We tested our model selection approach by assessing the training curves from 2 separate runs, and compared this to averaging the predictions from the 2 runs (bagging). We applied these approaches to the bootstrap dataset and the bootstrap with non-imaging model. Model bagging did not produce significantly lower errors compared to the individual models for the bootstrap dataset. Our model selection approach resulted in significantly lower MSE compared to at least one of the individual models. Furthermore, applying all three of our proposed learning strategies resulted in significantly more accurate predictions compared to data augmentation alone, with the highest correlation with the true outcomes. The effect of adding each proposed learning strategy is illustrated in Fig. 2.

Fig. 2.
figure 2

Plots of true vs. predicted treatment outcome after applying each proposed learning strategy. Perfect predictions would fall on red reference line. (a) Original data. (b) Data augmentation with bootstrap resampling. (c) Bootstrap resampling and LSTM initialization with non-imaging data. (d) Bootstrap resampling, inclusion of non-imaging data, and model selection based on training loss criteria in (5).

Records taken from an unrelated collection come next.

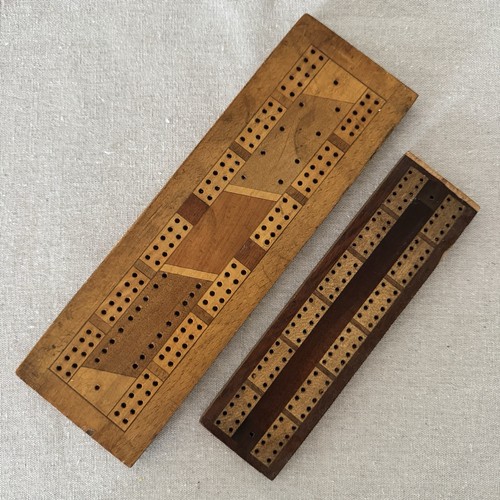 Vintage wooden cribbage boards - wooden,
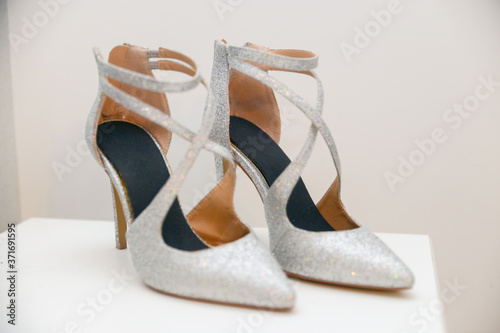 Silver High Heel Wedding Bride Shoes on White Background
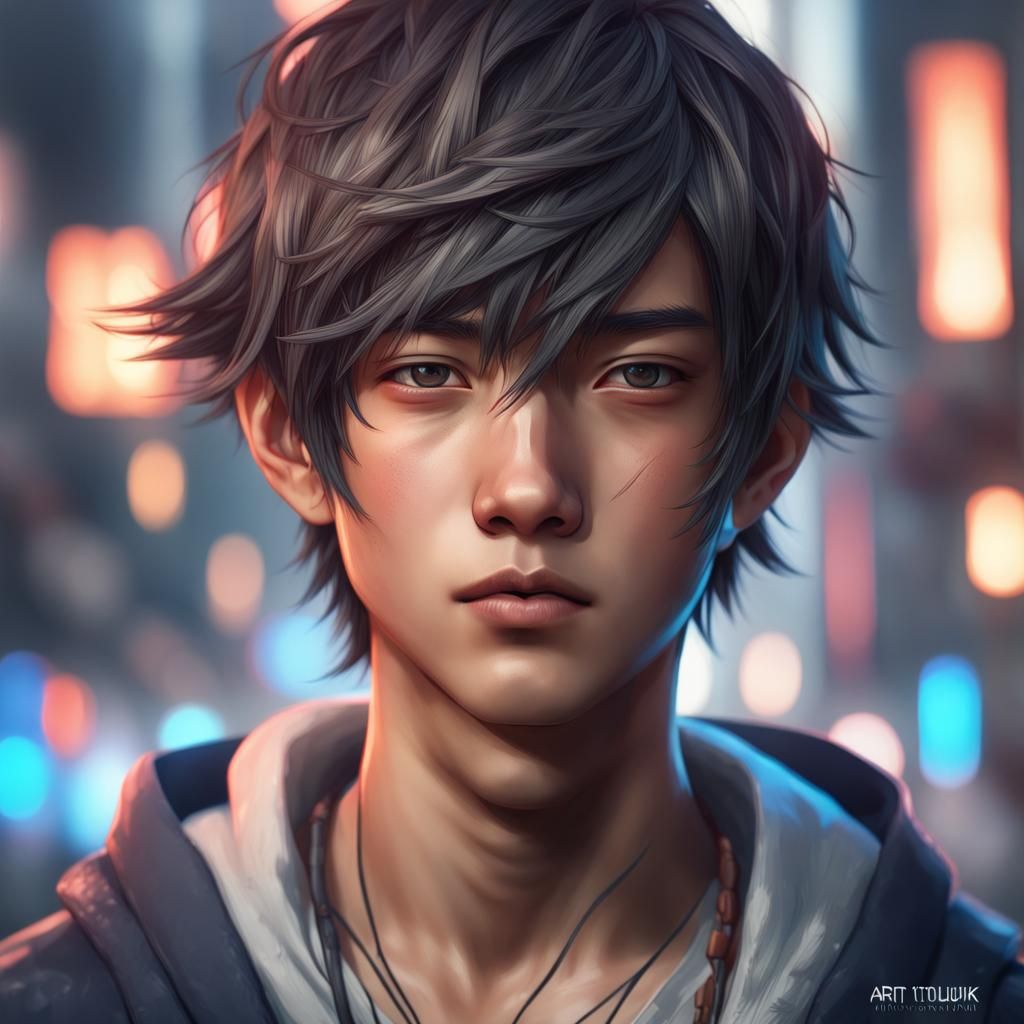 Detailed Portrait of Japanese Boy in Digital Art Style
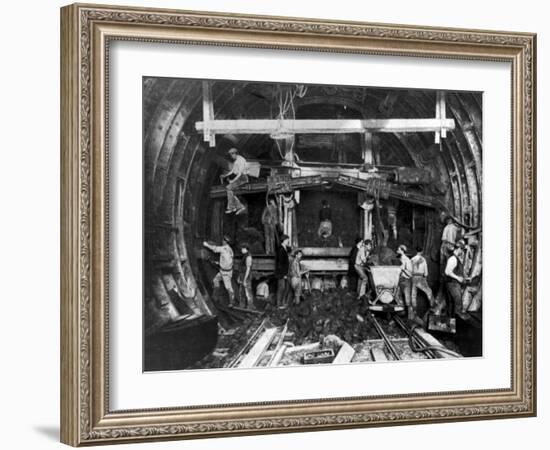 Workers Excavating Great Northern and City Tube Railway-null-Framed Photographic Print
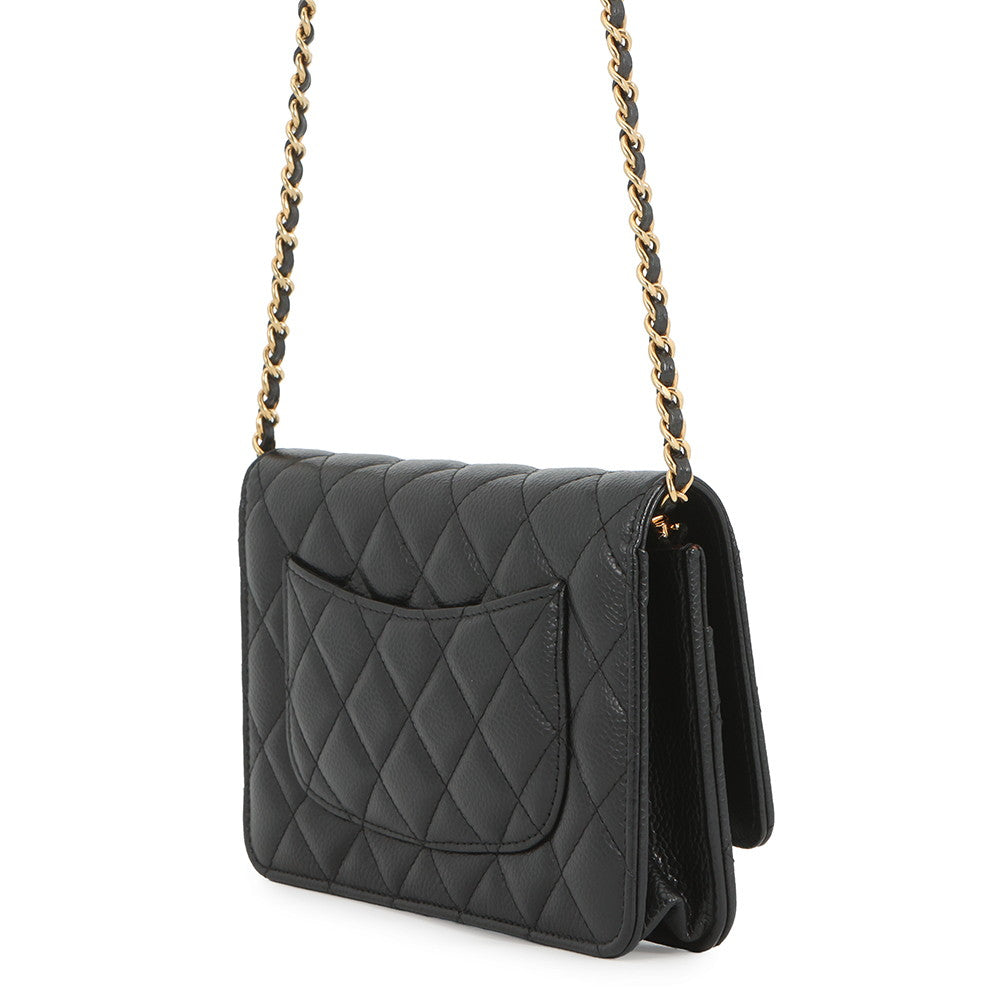 CHANEL Matelasse Classic Chain Wallet BlackAP0250 Caviar Leather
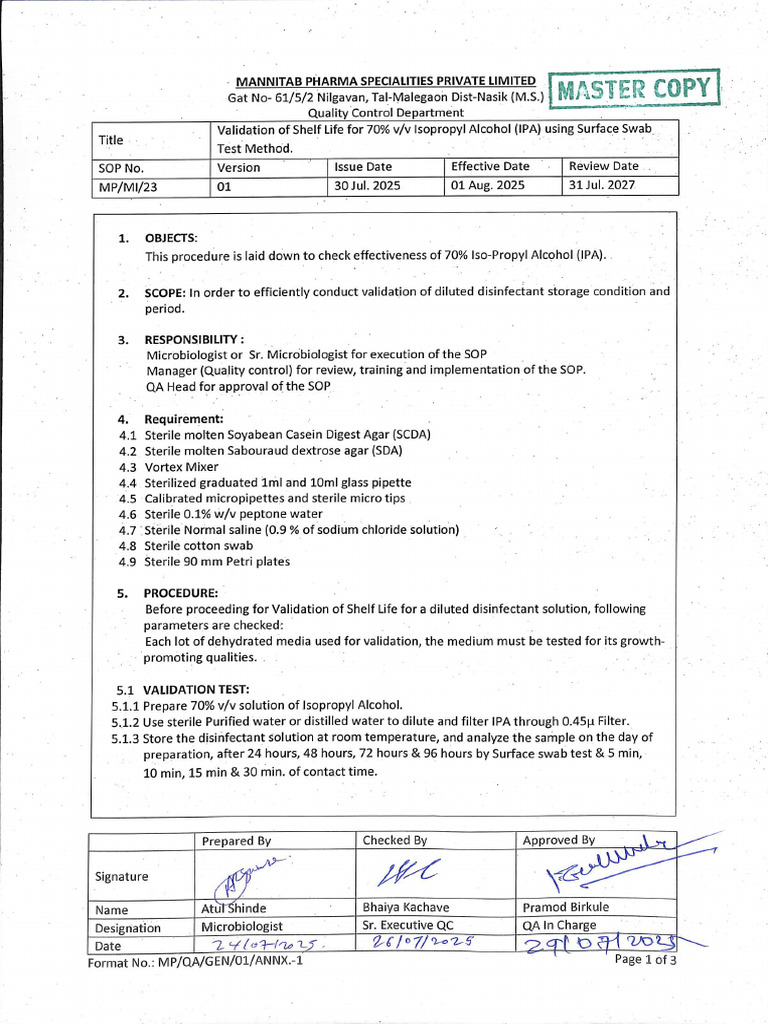 Scan SOP 70% IPA Validation | PDF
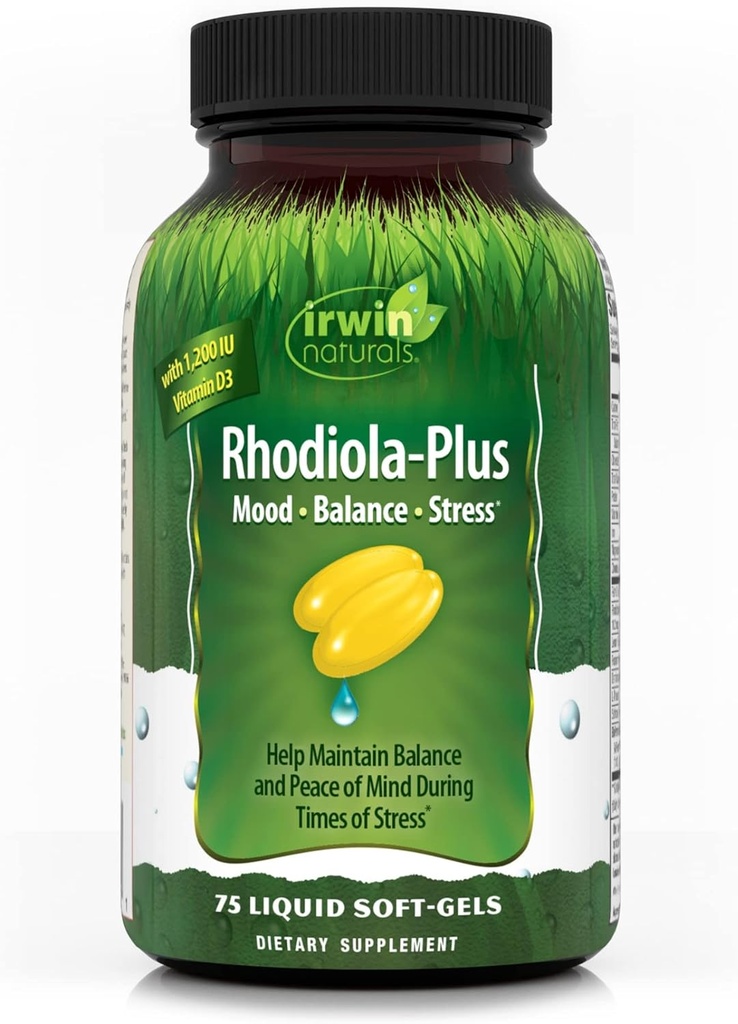Irwin Naturals Rhodiola-Plus - 75 Liquid Soft-Gels - Hilft Gleichgewicht und Frieden des Geistes - mit L-Theanin, Vitamin D3 & Magnesium - 25 Servierungen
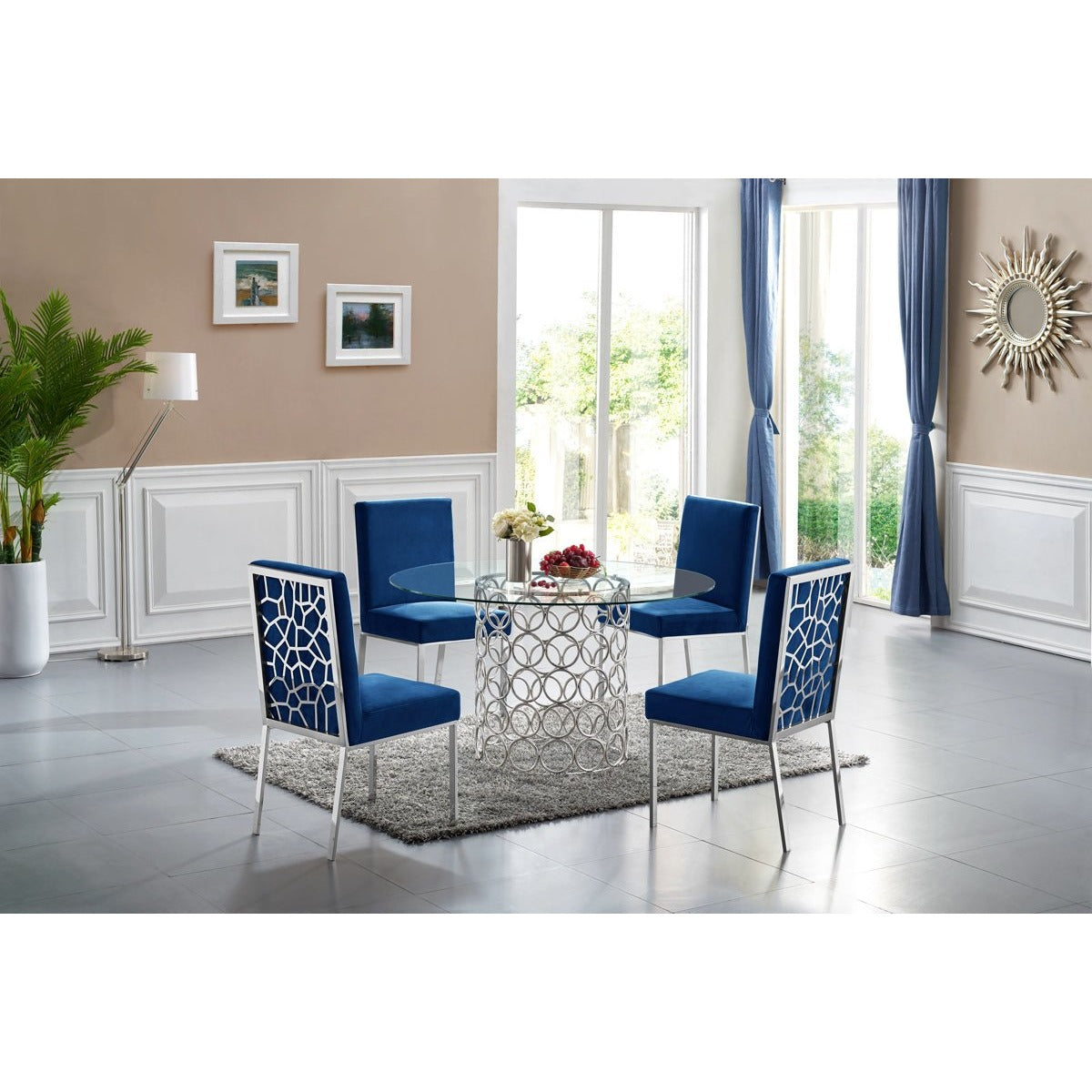 Meridian Furniture Opal Navy Velvet Dining Chair-Minimal & Modern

3.3 Classification Example: Autism vs. Typical Control

We tested the proposed learning strategies on training the LSTM network to classify the 21 ASD and 19 TC subjects (52.5% ASD subjects). Ten-fold cross-validation (train on 36, test 4) was repeated 10 times, and performance of different methods were measured using mean and standard deviation of the cross-validation accuracy, true positive rate (TPR), and true negative rate (TNR). Paired one-tailed t-tests were used to compare cross-validation performance between different methods, with a significance level of 0.05. Training was run with similar Keras setup as above, with maximum number of epochs reduced to 20.

Results quantifying the effects of the proposed learning strategies are shown in Table 2. Learning from the original, non-augmented sample results in chance accuracy. Applying bootstrap resampling (50 resamples, resulting in 2000 total samples) significantly improves the accuracy and TPR. Using non-imaging variables to set the initial LSTM state further improved all performance measures, with significant differences compared to using the original dataset. Finally, additionally including model selection produced the best performing model.

Table 2. Results for classifying ASD vs. TC subjects.

4 Conclusions

In this work, we presented strategies for training LSTMs on small datasets and demonstrated their effectiveness in learning better generalized models. Our methods for facilitating learning included a data augmentation approach specific to ROI-based analysis, incorporation of subject-specific variations by initializing the LSTM based on each subject’s non-imaging parameters, and model selection based on training loss criteria alone to maximize the amount of data available for training. Regression and classification learning from 2 small task-fMRI datasets showed that while naïve training of the LSTM was unable to learn useful models, combining the proposed learning strategies resulted in the successful training of more generalizable LSTMs.